Revelation is the fifth studio album by the American heavy metal band Armored Saint. It was released in 2000 on Metal Blade Records. Armored Saint reformed in the entire Symbol of Salvation lineup to record Revelation in 1999 after six years of being disbanded. The result is a traditional heavy metal record and a natural sequel of their previous effort.

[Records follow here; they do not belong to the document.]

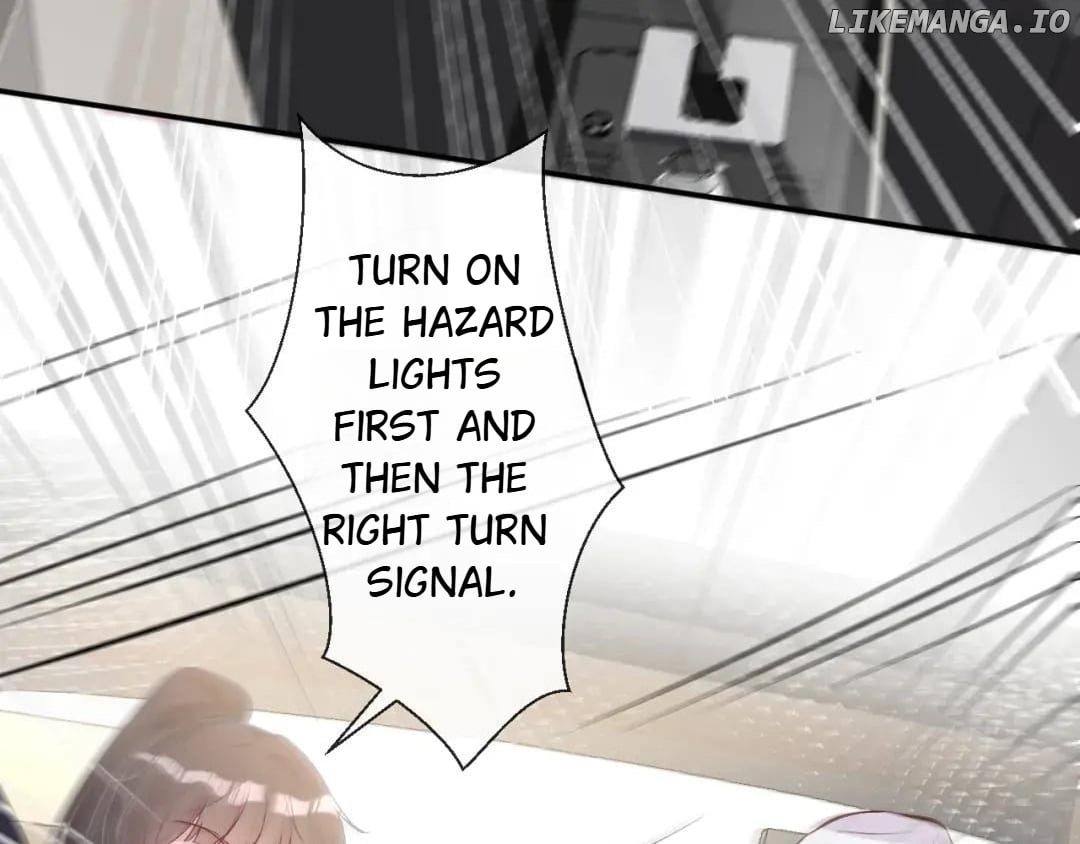 Everyone’s Darling Chapter 131 - Page 82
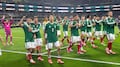 Operativo ‘No inglés’ suma a marcas antes del México vs Inglaterra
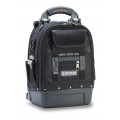 Veto Pro Pac TECH PAC MC BLACKOUT BUILD-OUT Customizable Backpack-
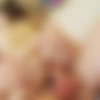 [Jules Jordan] Anal Delights - BTS - Mika Kim [1080p] HD thumb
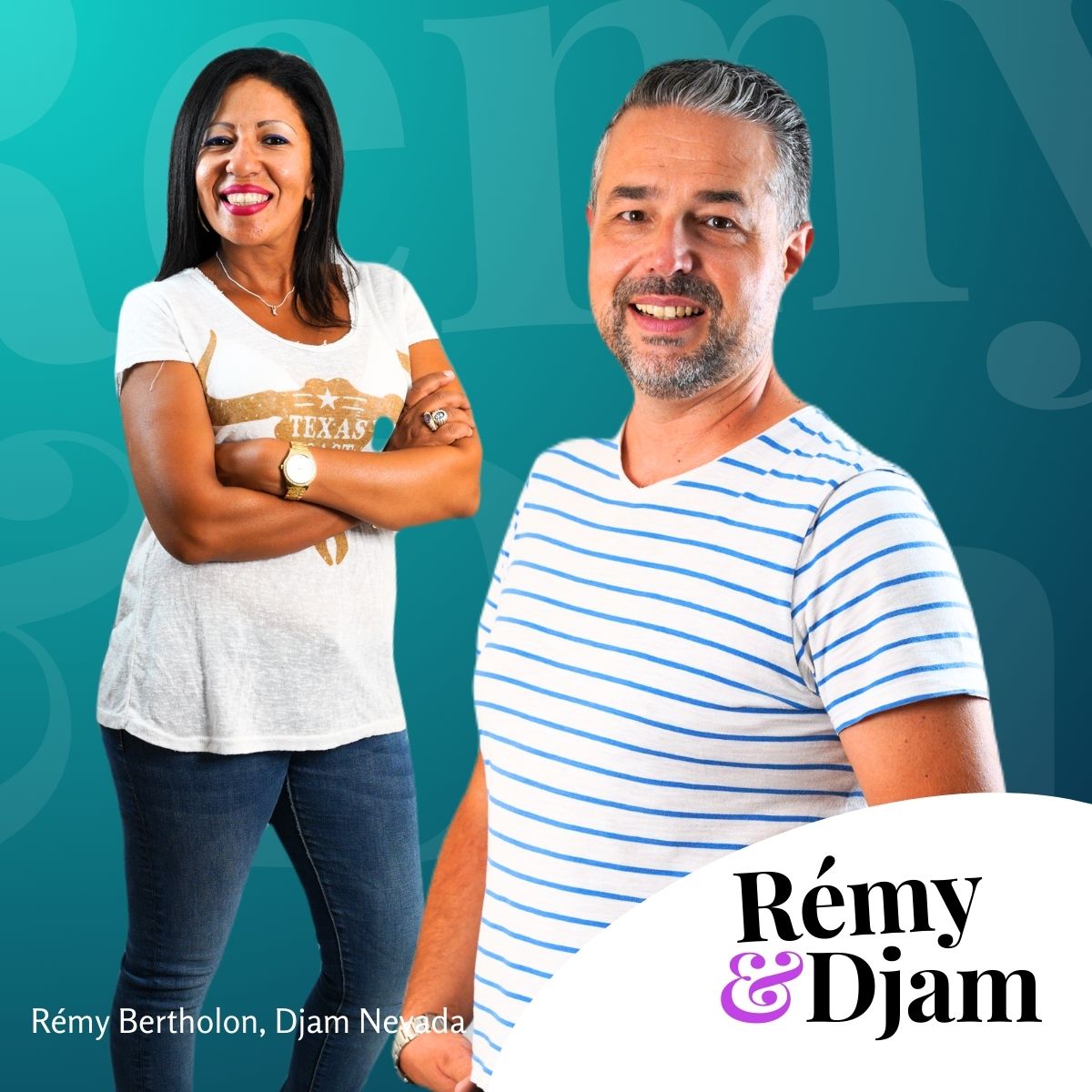 remybertholon's tweet photo. Ces mots inspirants de Bob Marley résonnent toujours dans notre parcours radio : "Ne laisse jamais un faux pas mettre fin à ton voyage". Pour changer et appliquer une nouvelle recette, il faut du courage ! Go !
#radio #voicetrack #morningshow https://t.co/SlfvciexGD
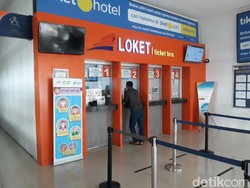 Jadwal KRL Solo-Jogja Pekan Ini 13-19 Maret 2023, Ini Daftarnya!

The limited edition came with a bonus CD including the complete A Trip Thru Red Times video.

"Creepy Feelings", "What's Your Pleasure", and the Japanese bonus track "Shadows" were originally demoed in 1989 with original guitarist Dave Prichard during the writing sessions of what would become the Symbol of Salvation album, but ultimately did not make the cut.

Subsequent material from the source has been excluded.